Topic 3: GUIDs for Taxon Names and Taxon Concepts

Roderic Page at BIO.GLA.AC.UK
Fri Nov 4 09:39:34 CET 2005

Perhaps to try and clarify my previous post (not a good idea to write
before the coffee has kicked in), as a straw man what's wrong with the
following approach:

1. Data providers serve up their own records, each identified by a GUID

2. At a minimum a "record" is metadata about that object, using
existing vocabulary as much as possible.
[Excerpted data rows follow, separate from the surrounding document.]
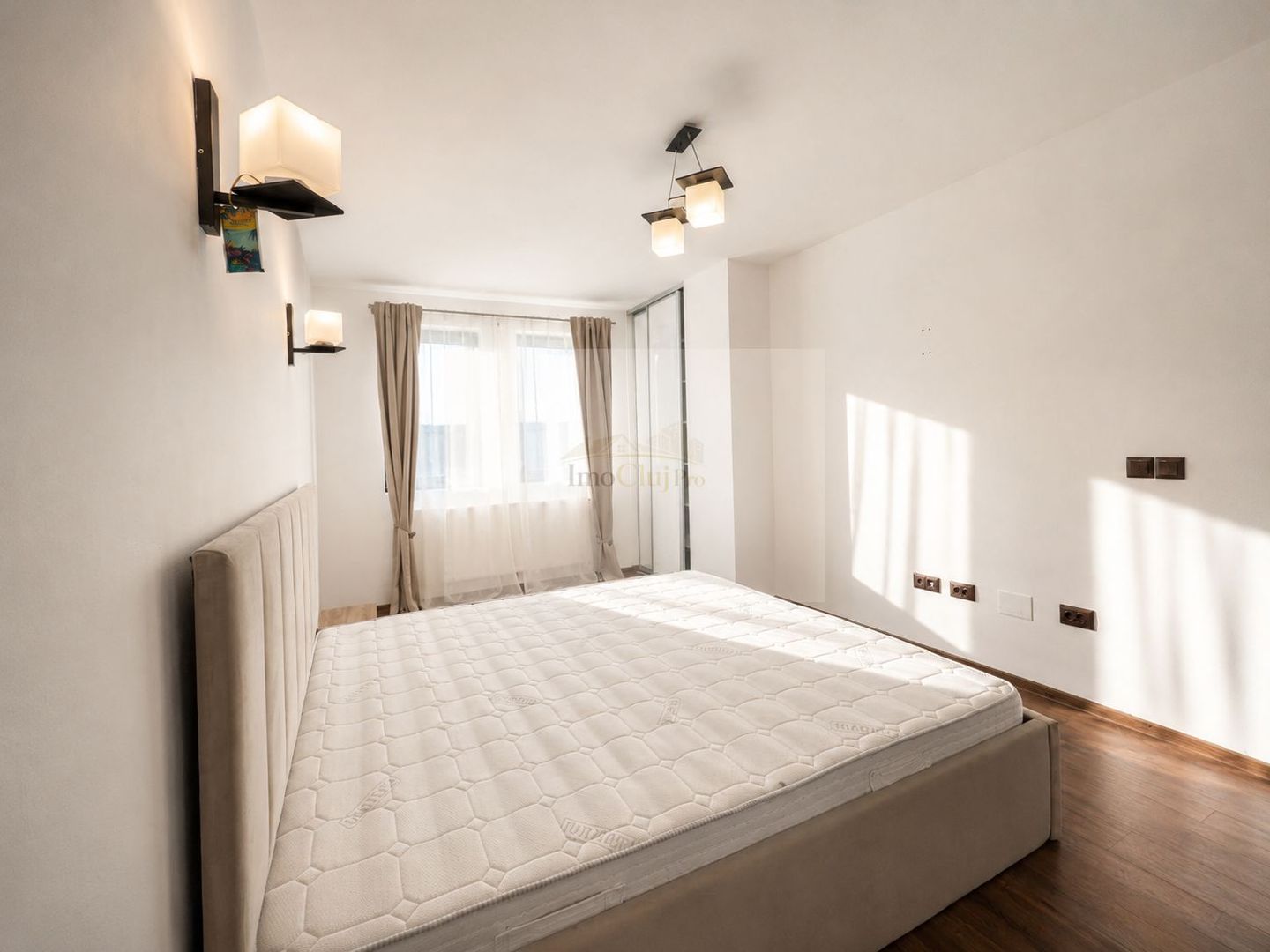 Vânzare ap. 2 camere decomandat, etaj 5, Iulius Mall, parcare - Poză 7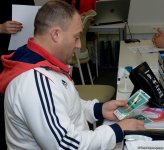 Müxtəlif ölkələrin nümayəndə heyətləri Bakıda batut gimnastikası üzrə Dünya Kuboku üçün akkreditasiyadan keçirlər (FOTOREPORTAJ)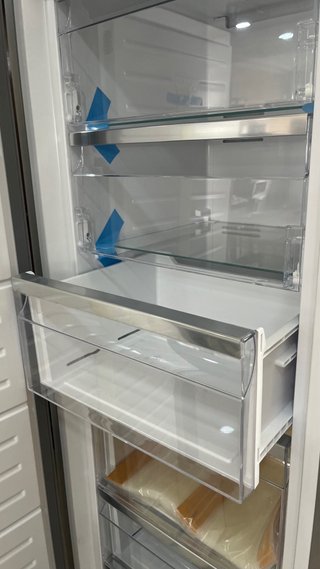 Congelador Vertical Electrolux LUT7ME28X2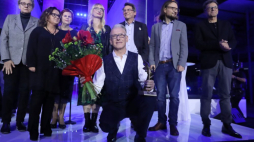 Warszawa, 06.10.2019. Laureat Literackiej Nagrody Nike za książkę reporterską "Nie ma" Mariusz Szczygieł, przewodniczący jury Marek Zaleski oraz nominowani do Nagrody Nike: Małgorzata Rejmer, Zyta Rudzka, Aleksander Kaczorowski w Bibliotece Uniwersytetu Warszawskiego.  PAP/T. Gzell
This means Dublin Core for
basic stuff (title, creator, etc.), Prism for bibliographic details,
Basic Geo (WGS84 for geographic co-ordinates, Darwin Core for other
specimen stuff, etc.

3. Such records may refer  to other objects (e.g., a sequence may refer
to a publication and a museum voucher specimen), all by way of GUIDs.

4. Each record carries a Creative Commons license specifying what you
can do with the data. The present system where museums have some text
saying what can and can't be done is too clumsy, and putting the GBIF
data usage agreement in the way of searching GBIF is way too

If we do this (and we're pretty close to this already), then I think
we've got the core of a useful resource. Partly because all of this is
technically easy to do, and is already being done in other areas. So,
why not just do it?


I think the role of GUIDs is to (a) unambiguously identify digital
objects, and (b) tell us where to get that digital record.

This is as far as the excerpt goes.